Funciona con los formatos que de verdad vas a manejar, como JPG, PNG, WebP y GIF, y puedes mantener el mismo formato o cambiar a otro al redimensionar. Eso es cómodo cuando una foto necesita ser a la vez más pequeña y de otro formato para su destino — por ejemplo, una captura PNG reducida y guardada como JPG para el correo, o una foto grande de cámara escalada a tamaño web en un solo paso.
Hacer una imagen más pequeña es el caso habitual: reducir una foto para que pase bajo un límite de subida, ajustar una imagen a un tamaño que cargue rápido en una página o recortar las dimensiones de una captura antes de pegarla en un documento.

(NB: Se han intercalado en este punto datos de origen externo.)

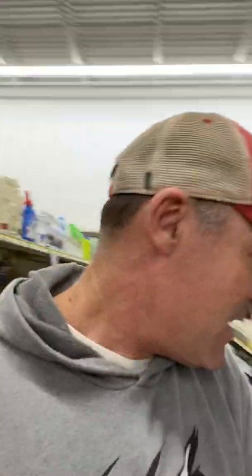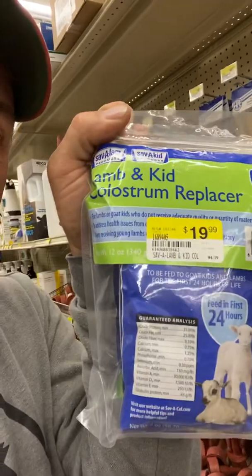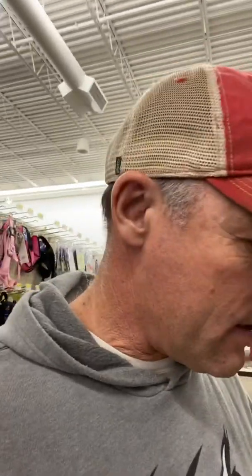A little feeding tube — see there? Sometimes they may not take the bottle. They need that colostrum early on. I'm going to get a colostrum supplement just in case they're not nursing, mama won't do it, or something happens with mom. Lamb and kid colostrum replacement — got to have the colostrum early on. That's the nutrients they need to just get going. A little feeding tube that will go down in there just in case we have to have it.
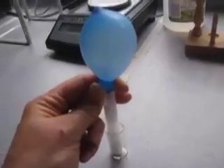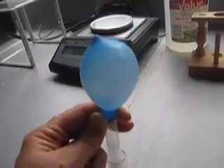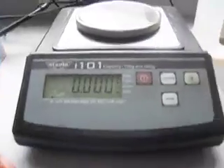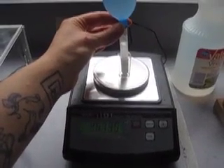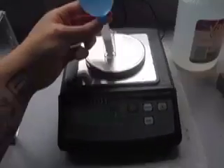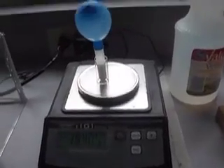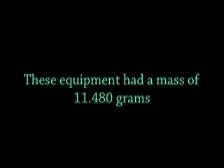I have combined the acetic acid and the sodium bicarbonate and now I'm going to weigh all of them together. Ideally I'll be able to weigh everything with my hand still on the balloon, then let go and weigh it. Here we are zeroing. I'm going to let go of it and hopefully it will not fly off. Our final mass of the two things mixed together — and remember there was fizz — is 19.405 grams. This is including all of our equipment: test tube, test tube holder, and balloon. The equipment had a mass of 11.480 grams.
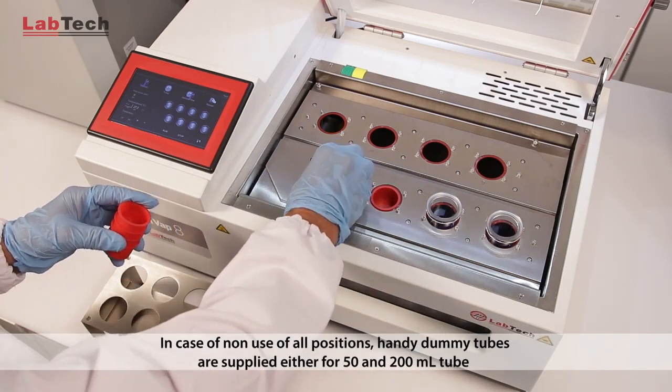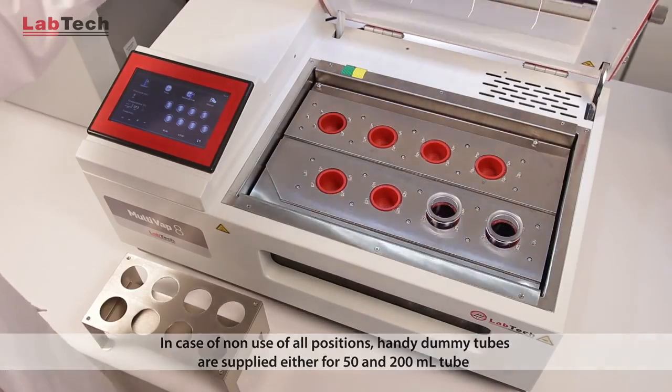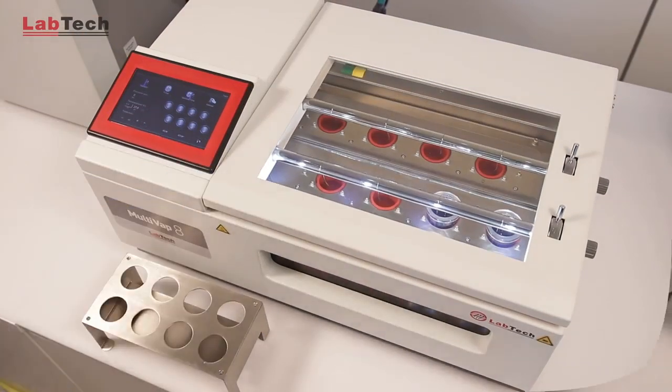In case of non-use of all positions, handy dummy tubes are supplied for both 50 and 200 ml holes.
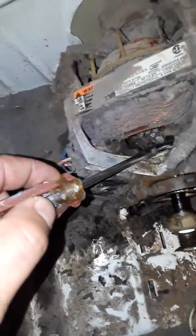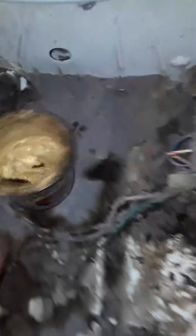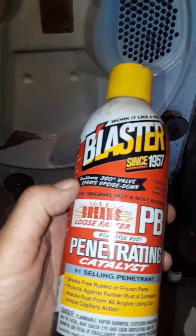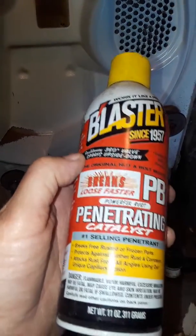So I greased it. In here I use this grease — Lift-Ease. And then in here I sprayed this Brake's Loose Fast Penetrating PB Blaster, since 1957.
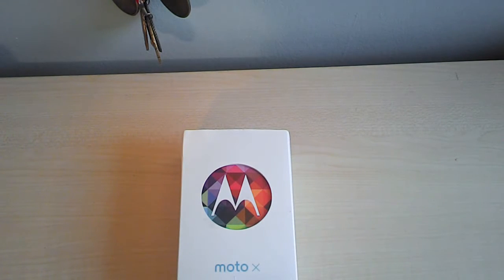Hey YouTube, this is Eddie's Tech Talk, and this is my unboxing of the Moto X. This is made by Motorola, you might have heard of it, and it's also known as the customizable phone.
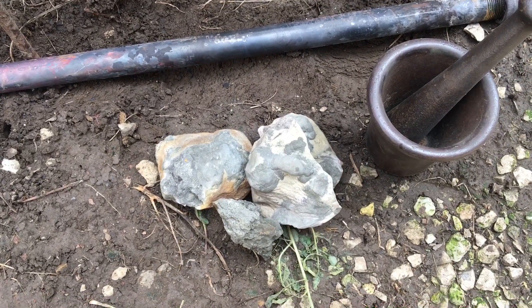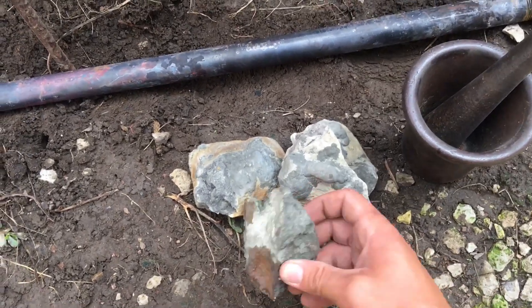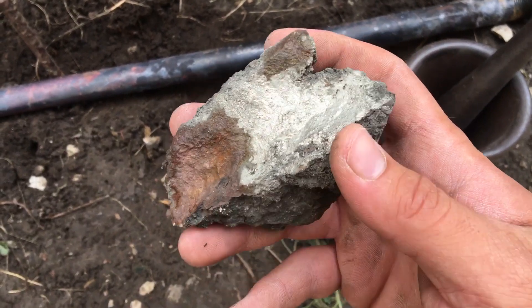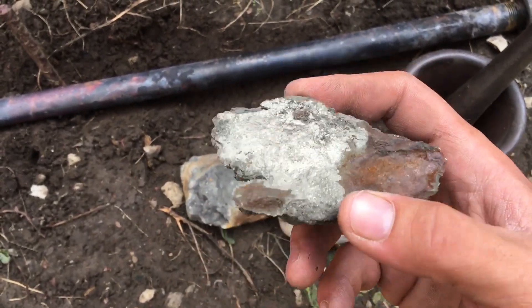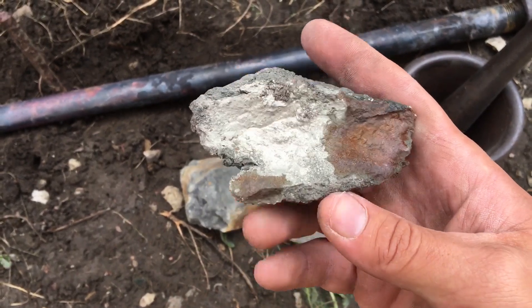Here are some pieces of iron pyrite, or fool's gold, that I found along a river in central Iowa. You can see it's got this nice yellow glittery color to it — that's how it got the name fool's gold. It's actually iron with two sulfur atoms.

Pero también puedes ampliar cuando necesitas una versión más grande, y la herramienta aplica un remuestreo suave para que los bordes queden lo más limpios posible en lugar de volverse pixelados.
Todo se ejecuta en tu navegador, lo que lo mantiene rápido y mantiene tus imágenes privadas — en la mayoría de los cambios de tamaño tu foto nunca sale de tu dispositivo, así que una imagen personal o un diseño sin publicar no se sube ni se guarda en ningún servidor. Tampoco se añade marca de agua al resultado, así que lo que descargas es simplemente tu imagen con el nuevo tamaño, lista para usar.
Como es de navegador, se comporta igual en un portátil, un Chromebook o un móvil, y no hay nada que mantener actualizado. Eso hace fácil recurrir a ella en mitad de otra cosa — estás rellenando un formulario que rechaza tu foto por ser demasiado grande, así que la redimensionas en otra pestaña y vuelves enseguida, todo sin cambiar de app ni buscar un ajuste enterrado en un programa de edición.
Los motivos habituales para redimensionar aparecen una y otra vez: cumplir las reglas de tamaño de una solicitud de empleo o un formulario oficial, preparar imágenes para una web para que las páginas sigan siendo rápidas, ajustar una foto a un marco o un tamaño de impresión, o simplemente dejar un archivo enorme de cámara lo bastante pequeño para compartirlo. Sea cual sea el tamaño objetivo, redimensionar no debería ser complicado — escribe el ancho y el alto que necesitas y descarga la imagen redimensionada.